ABOUT THIS EXERCISE » Reproduce the records below exactly, but leave their pictures out of the copy.

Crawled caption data
*-*-*
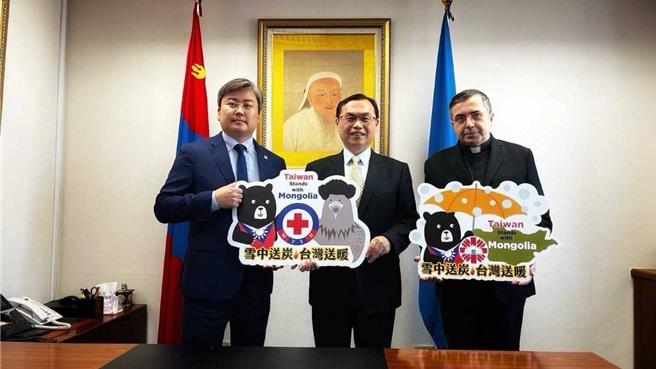 外交部亞西及非洲司司長賀忠義代表外交部長吳釗燮於月2日赴駐台北烏蘭巴托貿易經濟代表處，向蒙古駐台代表特木爾表達我國慰問。（外交部提供）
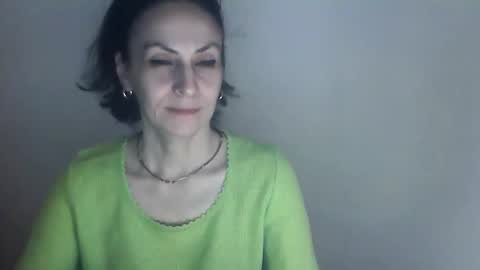 Snapshot of sofysticat chatting on 11-29-25, 12:41 SofystiCat online show from 11-29-25, 12:41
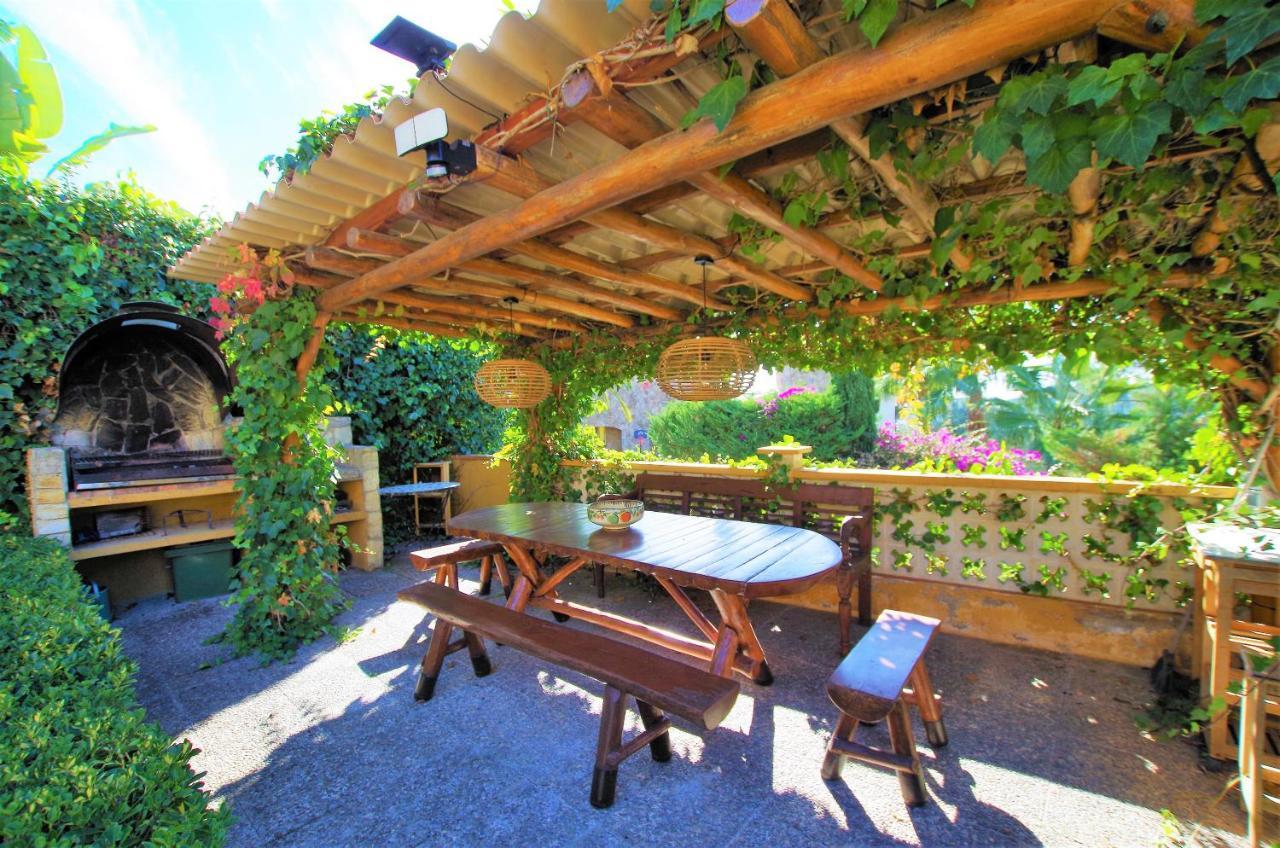 V&v Lloret - Elsa: Luxurious 10-person With Dual Pools And Lush Garden Lloret de Mar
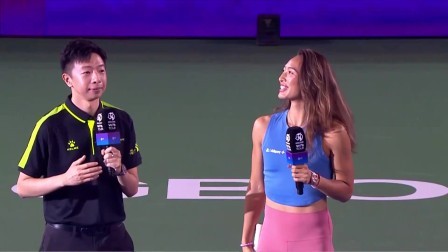 郑钦文球迷见面会，现场送亲签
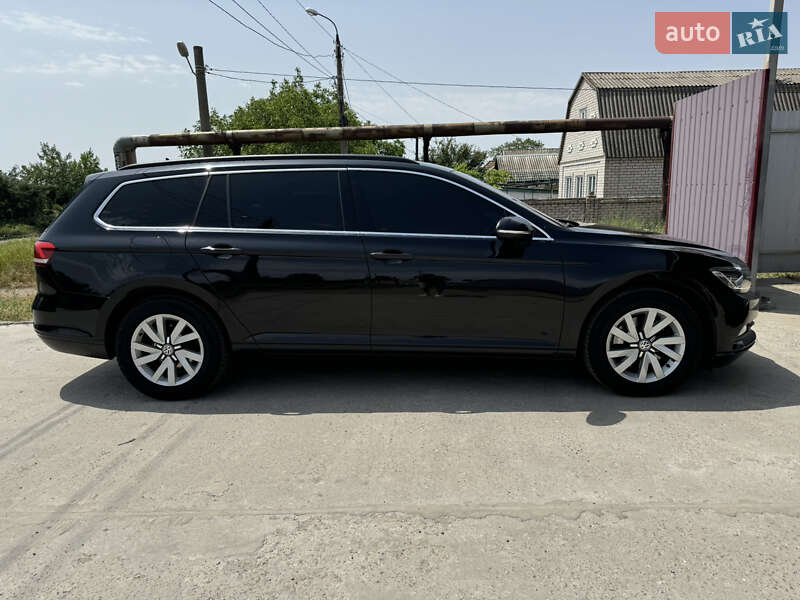 Універсал Volkswagen Passat 2015 в Миколаєві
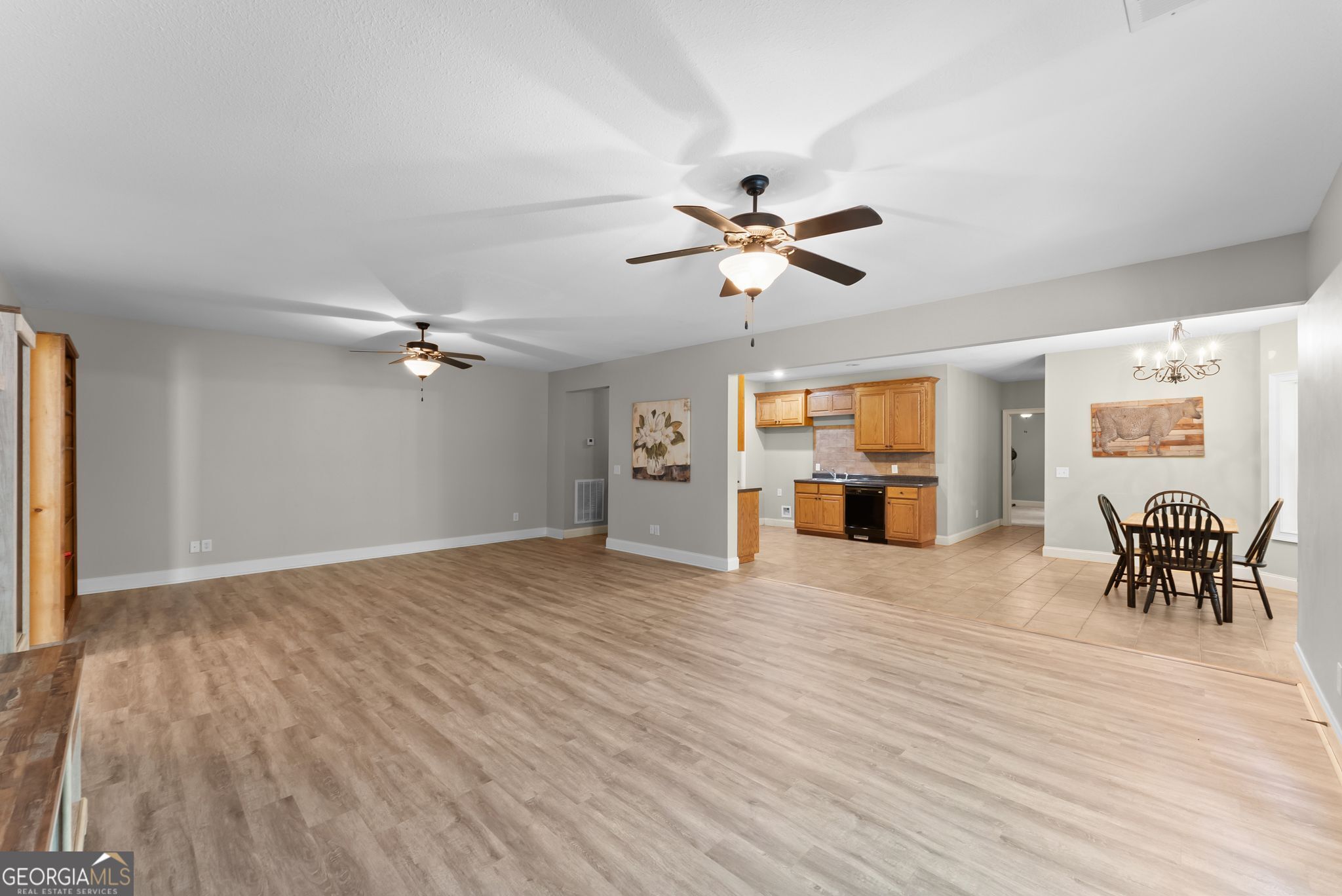 860 Lakeview Drive Property Photo 50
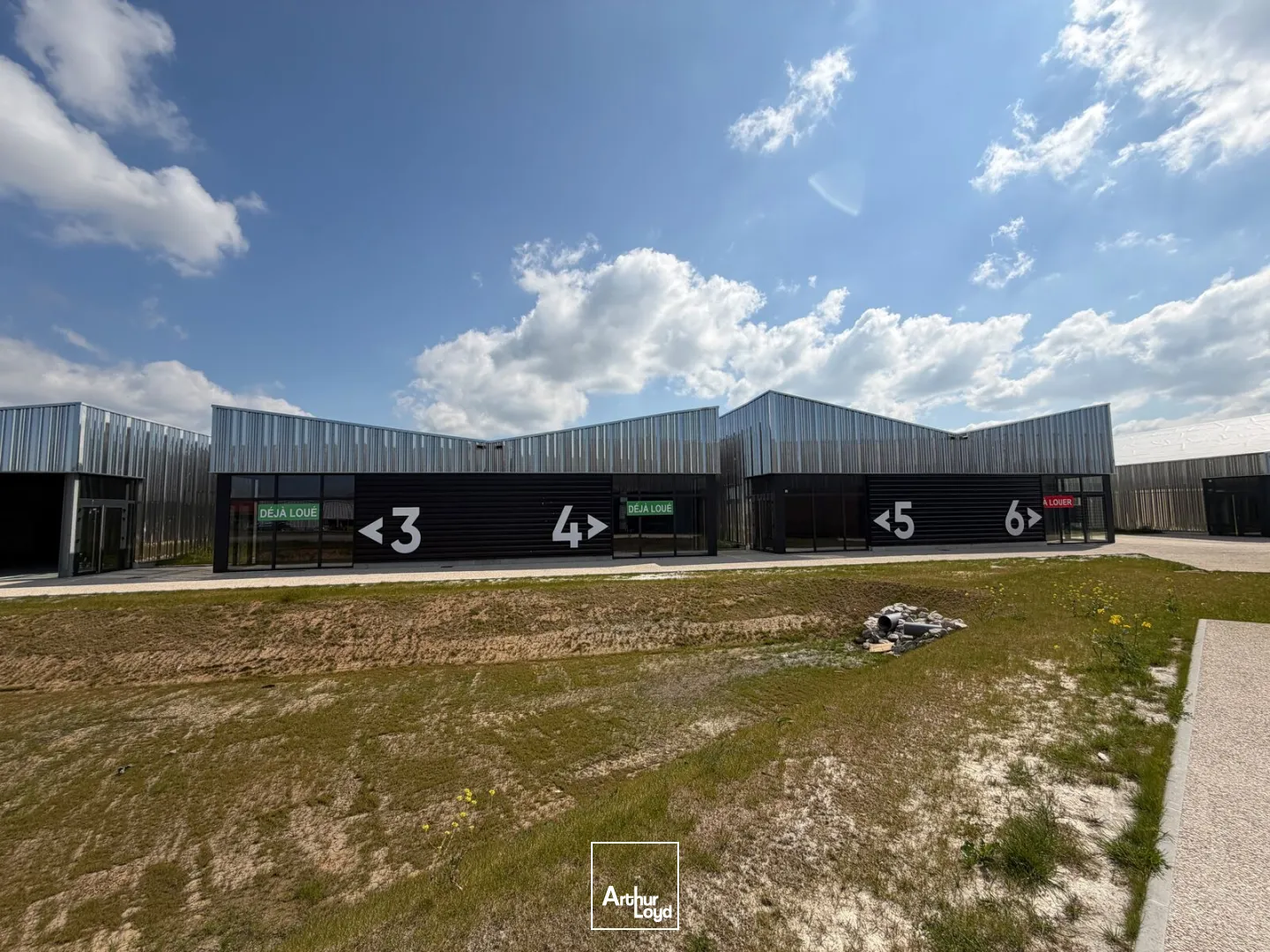 Locaux commerciaux - Location - DIEPPE - 76370 - 113.97-1624.92 - 7764821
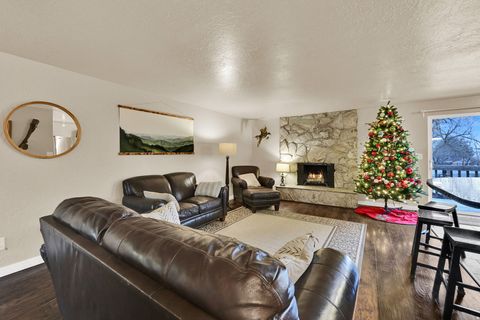 Tiny photo for 1629 E JUNIPER ST, Layton, UT 84040 (MLS # 2127748)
*-*-*
REPLY TO THE EXERCISE »
 外交部亞西及非洲司司長賀忠義代表外交部長吳釗燮於月2日赴駐台北烏蘭巴托貿易經濟代表處，向蒙古駐台代表特木爾表達我國慰問。（外交部提供）
 Snapshot of sofysticat chatting on 11-29-25, 12:41 SofystiCat online show from 11-29-25, 12:41
 V&v Lloret - Elsa: Luxurious 10-person With Dual Pools And Lush Garden Lloret de Mar
 郑钦文球迷见面会，现场送亲签
 Універсал Volkswagen Passat 2015 в Миколаєві
 860 Lakeview Drive Property Photo 50
 Locaux commerciaux - Location - DIEPPE - 76370 - 113.97-1624.92 - 7764821
 Tiny photo for 1629 E JUNIPER ST, Layton, UT 84040 (MLS # 2127748)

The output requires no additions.